Problem description
The copy must hold exactly the lines from the one with "this 500×311 image." through the end of the listing below, and nothing else, with no pictures.

Data
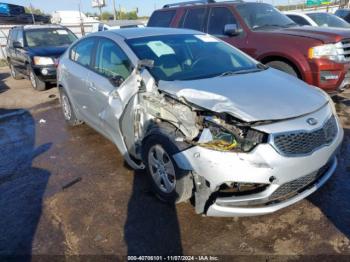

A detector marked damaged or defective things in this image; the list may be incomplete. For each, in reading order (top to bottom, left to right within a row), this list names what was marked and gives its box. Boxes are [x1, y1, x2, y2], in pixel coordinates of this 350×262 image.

crumpled hood [270, 26, 350, 43]
crumpled hood [157, 68, 330, 122]
damaged silver sedan [58, 28, 344, 217]
broken headlight [196, 116, 266, 151]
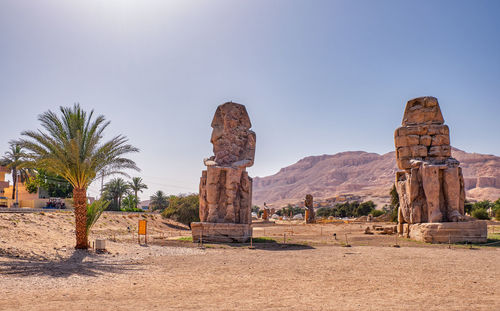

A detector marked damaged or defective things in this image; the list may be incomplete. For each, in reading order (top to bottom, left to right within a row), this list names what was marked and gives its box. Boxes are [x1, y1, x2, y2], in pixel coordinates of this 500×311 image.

damaged ancient statue [190, 102, 256, 244]
damaged ancient statue [394, 97, 484, 244]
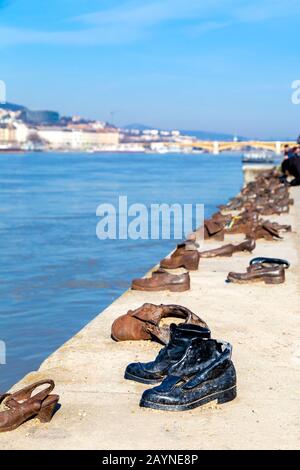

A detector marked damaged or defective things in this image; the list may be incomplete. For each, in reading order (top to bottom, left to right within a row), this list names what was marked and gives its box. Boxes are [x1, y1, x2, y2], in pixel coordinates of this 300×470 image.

Task result
A detector marked damaged or defective things in this image; the list may be incomplete. For each, in reading order (top to bottom, left to right within a row), this list names what was marked and gives its box. Boxes are [x1, y1, x2, y2], in pixel coordinates of this 500×311 image.

damaged ancient statue [190, 102, 256, 244]
damaged ancient statue [394, 97, 484, 244]

A detector marked damaged or defective things in this image; the list may be incomplete. For each, in reading order (top to bottom, left to right within a row), this list names what was marked and gives its box. Boxes are [x1, y1, x2, y2], in pixel coordinates of this 300×470 image.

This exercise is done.